My kids are growing up, and I've begun to think about who I will become when they leave. You know, when they go off to an amazing college or sign up for the Peace Corps or get that coveted internship in Italy with the renowned fresco restorer and leave poor me here at home. (Can you tell I'm totally jealous of their presumed destinations?)
Mama bird, empty nest.
I mean, the youngest just started kindergarten, and the oldest is a mature second grader so I get that I have time for this. But sometimes when I pick up my youngest and clutch her big-girl body with its big-girl smells against my chest, her feet dangle all the way down to my knees, and I realize that I do not in fact have time, that I never have time.
When I watch a movie on TV and it's made sometime after 2000 I think to myself, well this is a recent movie. Until I look at the hair style or the unwrinkled actress who I used to sort of look like and I realize that 2000 was a long time ago.
Like tonight when I cuddled up and watched the first Harry Potter movie with my four kids for the first time, and I actually noted Daniel Radcliffe growing older. Over the course of the movie. And now? Now he's got a play on Broadway under his belt... where he's naked. A naked grown-up. Fifteen years go by just like that, in eight hastily rendered Harry Potter movies, from boy to man.
Vacation days belie this of course. They slump by, one aching day after another. Meal and dishes and laundry and card game and meal and dishes and laundry and straighten up and craft and... In perpetuity. It's a deceptive thing. Until you consider the Polaroid snapshot moment of the first gift Christmas morning or the New Year's Eve toast with sparkling apple juice. I have approximately fifteen more of those. Oh, wait. Fourteen.
I remember watching my older sisters go off to college. First there were four of us carrying boxes up to a crappy dorm room for the oldest, then there were three helping the next, then for me there was just my younger brother helping me. Then I guess he moved his own cheap futon and folding bookcase.
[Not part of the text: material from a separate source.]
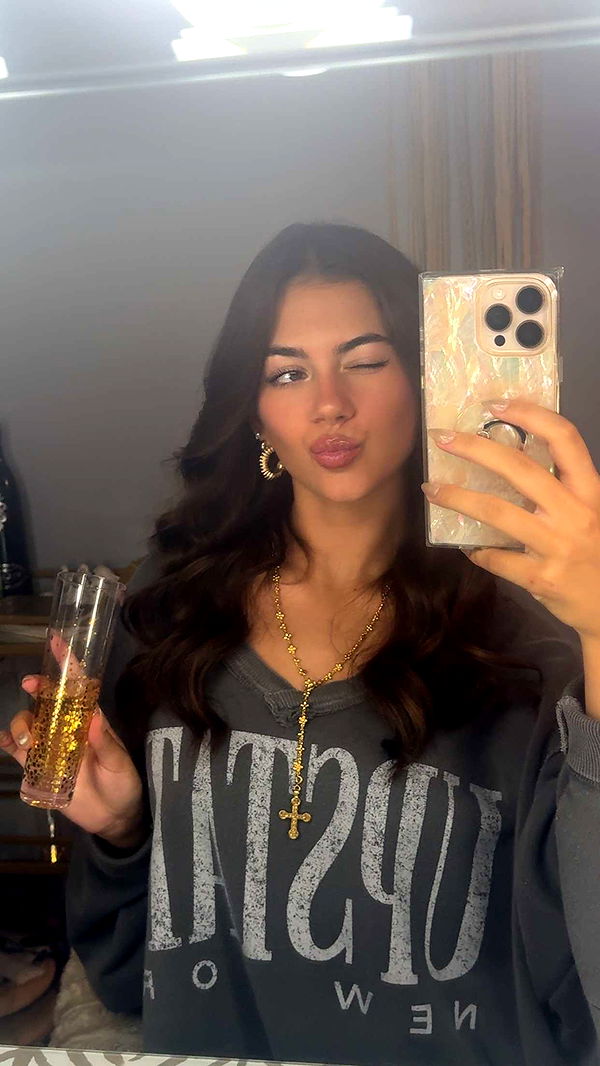 mia_sweitz image ~ Altpins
Once he was out of the home too, my mom was left with my ailing father and severely disabled older brother. It was just enough to be too much for her to recreate herself from scratch into the librarian she once was for six months before my oldest brother was born and her whole life changed, it was too much for her also to go back to school to become a nurse, officially codifying the caregiving she managed daily.
Last year she moved into a groovy retirement community near my oldest sister. She took up bocce with a vengeance. Bocce. She called this past fall to say that she broke four ribs and one vertebrae climbing onto a chair to reach a high shelf, but she still took her turn in the bocce tournament before heading to the ER. And now she's begun to volunteer for their memory ward, which seems mildly ironic if you know her, but still. Fifty years later and Stella's getting her groove back.
I'm not wishing away these days, trying to fast forward the next fifteen years. (Oh wait, fourteen.) I'm the one who has trouble getting rid of outgrown clothing. Because I can't imagine they've all grown so big, and because I have such achingly sweet memories of my middle girl in the yellow corduroy pinafore with the flower appliqué. If I give it away, how will I remember how we bunched her wispy hair on top of her head just so? How can I possibly hold onto that time?
But I know too, that they are watching me, these four kids of mine, to see who it is that I am. Am I there for them when they need me? Do I cook and bake and nurture for them, to them, at them? Do I treasure that yellow pinafore appropriately?
Then again, am I something for just me and sometimes just for my husband, too? Because they need to know they can leave someday and then come back again to a woman who is happy in her marriage, thinking thoughts, asking questions, making things that weren't there before. Growing.
So for 2016 I'm making some goals. They're mostly the broad strokes but mildly specific kind of goals I make every year and then vaguely aim towards. Make some art, write some stuff, finish the rough draft of the book, clean out a closet or two, choose joy and kindness over complaining or meanness. Work out more, waste time less. Be a good friend, daughter, mom.
Oh, wait. Too much?
That I could be someone they'd one day want to be too, maybe that's my resolution for 2016. Or better yet, that I can be someone I would want to be, perhaps that one is even better still.